▸ Records from a data collection:
= Beginning of Section =

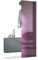 Vladon Garderobe Carlton Set 2, Made in Germany, Wandgarderobe aus Deko-Paneel & hängender Schubladen-Kommode, Anthrazit matt/Brombeer Hochglanz (105 x 193 x 35 cm)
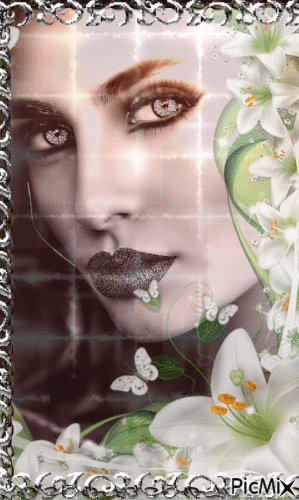 Portrait of a woman - Δωρεάν κινούμενο GIF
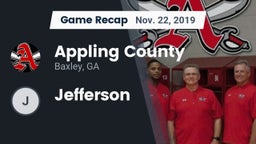 Recap: Appling County  vs. Jefferson  2019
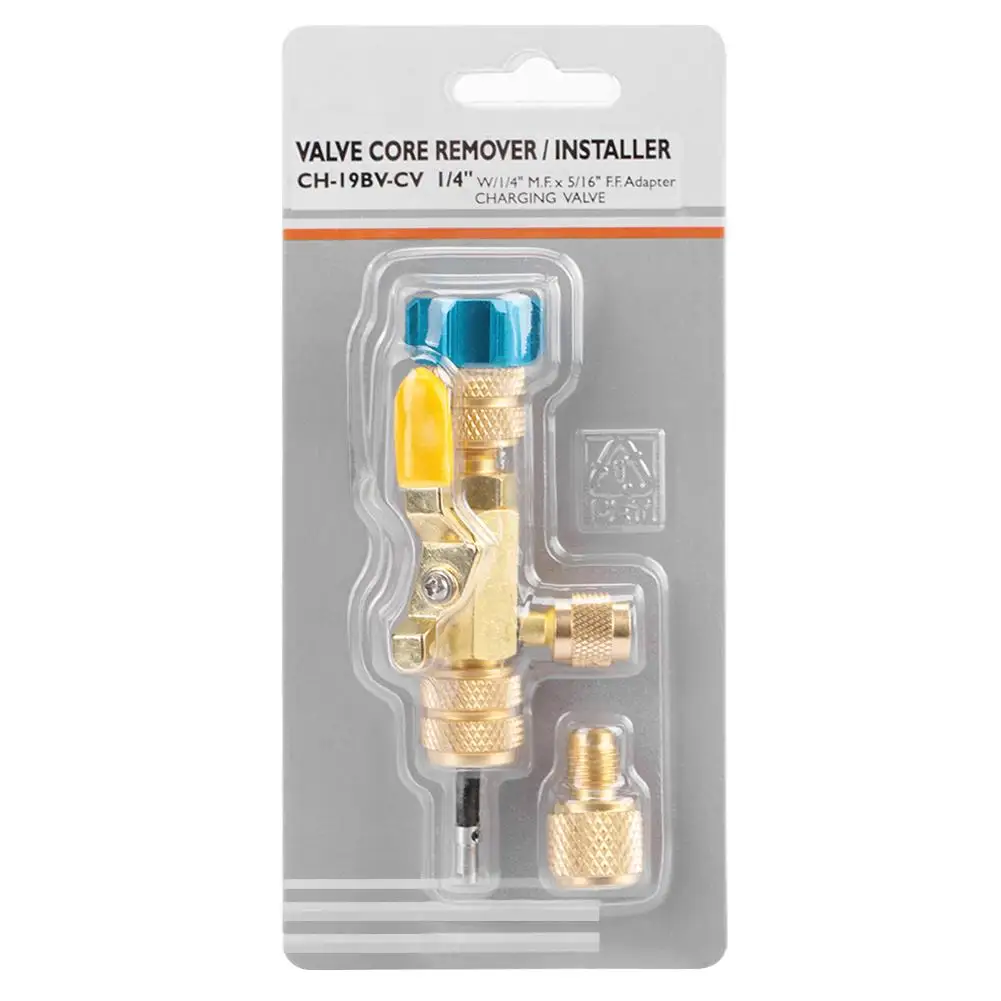 CH-19BV-CV Brass Valve Core Remover Dual Size R22 R410 Installer Tool Bicycle Bike Tyre Tire Removal Replacement | Инструменты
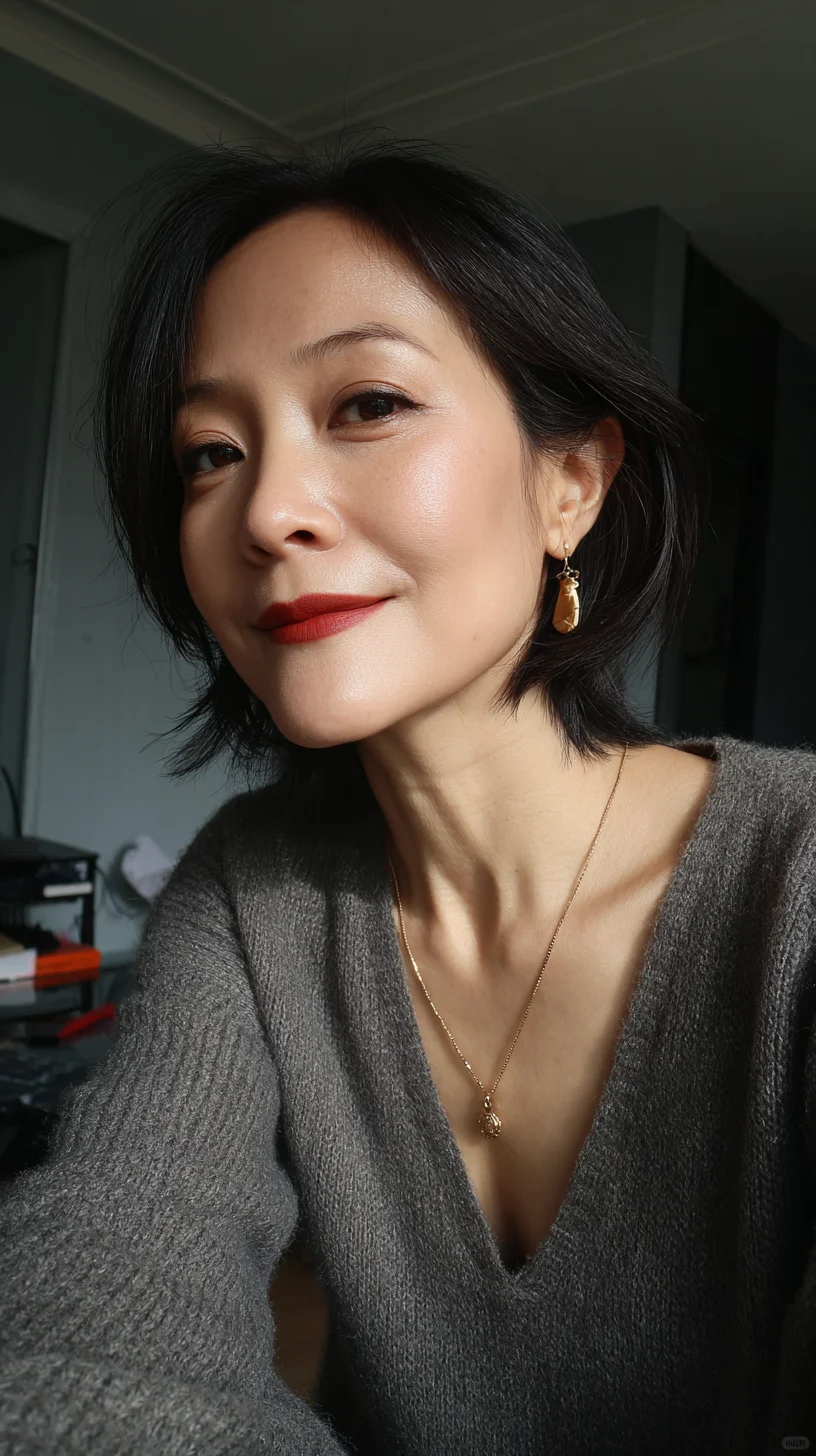 真的被短发惊艳了……短发熟女👧🏻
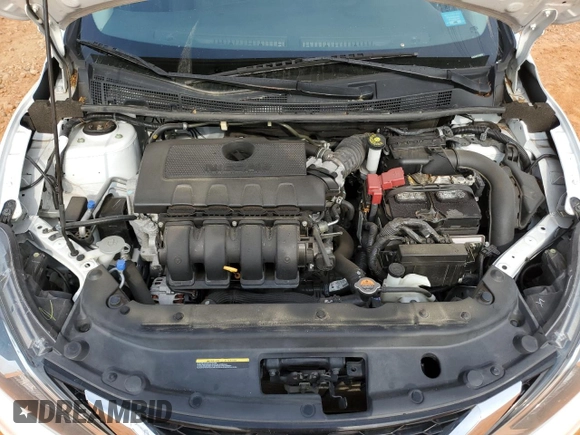 2018 Nissan Sentra SV z VIN 3N1AB7AP2JY242513, wystawiony jako Copart lot #54085325 z przebiegiem 75 502 mil mil oraz Szkoda całkowita • Salvage title. Historia ofert i sprzedaży dostępna na DreamBid. Obrazek 11.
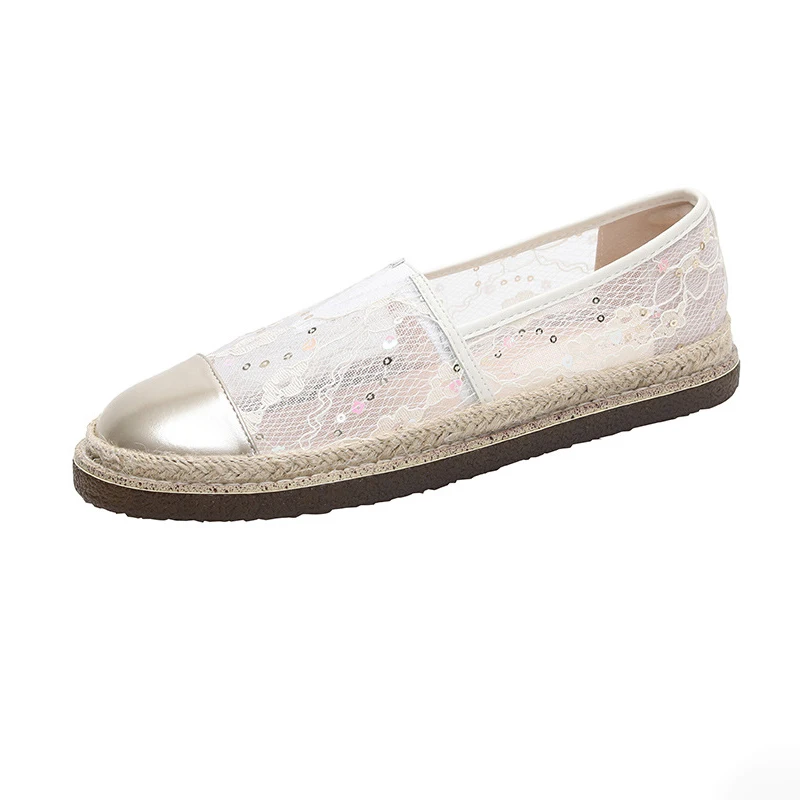 Leisure Comfort Breathable Ladies Flats Shoes Spring Fashion Mesh Soft Bottom Single Shoes for Women 2023
Leisure Comfort Breathable Ladies Flats Shoes Spring Fashion Mesh Soft Bottom Single Shoes for Women 2023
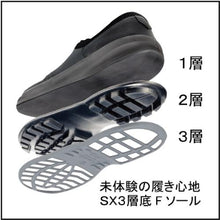 画像をギャラリービューアに読み込む, シモン　安全靴　短靴　ＷＳ１１黒　２２．０ｃｍ
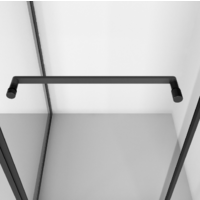 Niagara NG-6835-34BLACK 100x100x195 (черный матовый/прозрачное стекло) Image #2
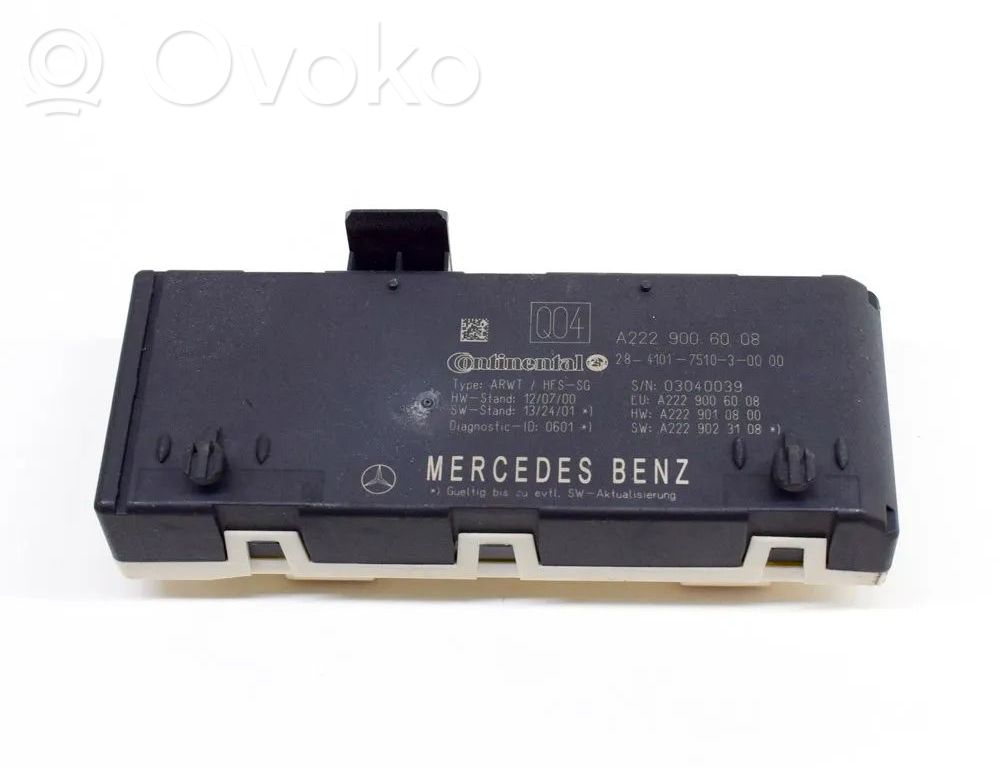 Mercedes-Benz C W205 Sterownik / Moduł elektrycznej klapy tylnej / bagażnika 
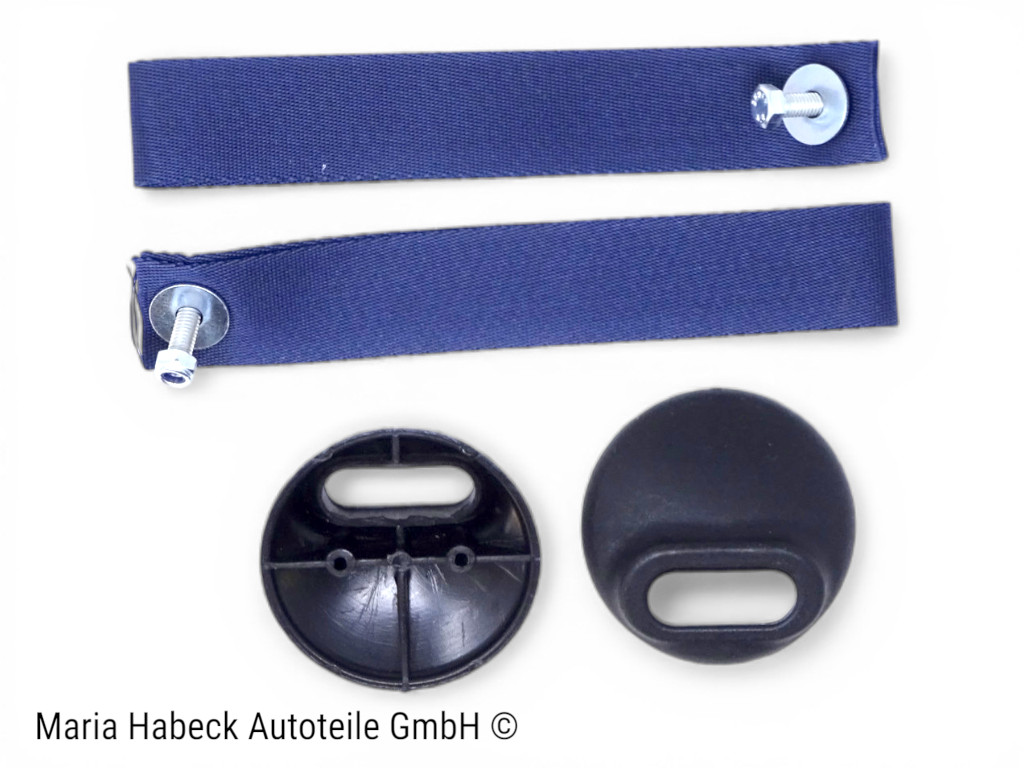 S-Trim Türschlaufe Türentriegelung blau  SET kpl mit Rosette Porsche 911  964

= End of Section =

▸ TASK REQUIREMENTS: The expected output is the exact run of lines from the one containing "Mercedes-Benz C W205" through the final line of the data above, both ends included, with no pictures.

▸ SOLUTION TO THE PROBLEM:
 Mercedes-Benz C W205 Sterownik / Moduł elektrycznej klapy tylnej / bagażnika 
 S-Trim Türschlaufe Türentriegelung blau  SET kpl mit Rosette Porsche 911  964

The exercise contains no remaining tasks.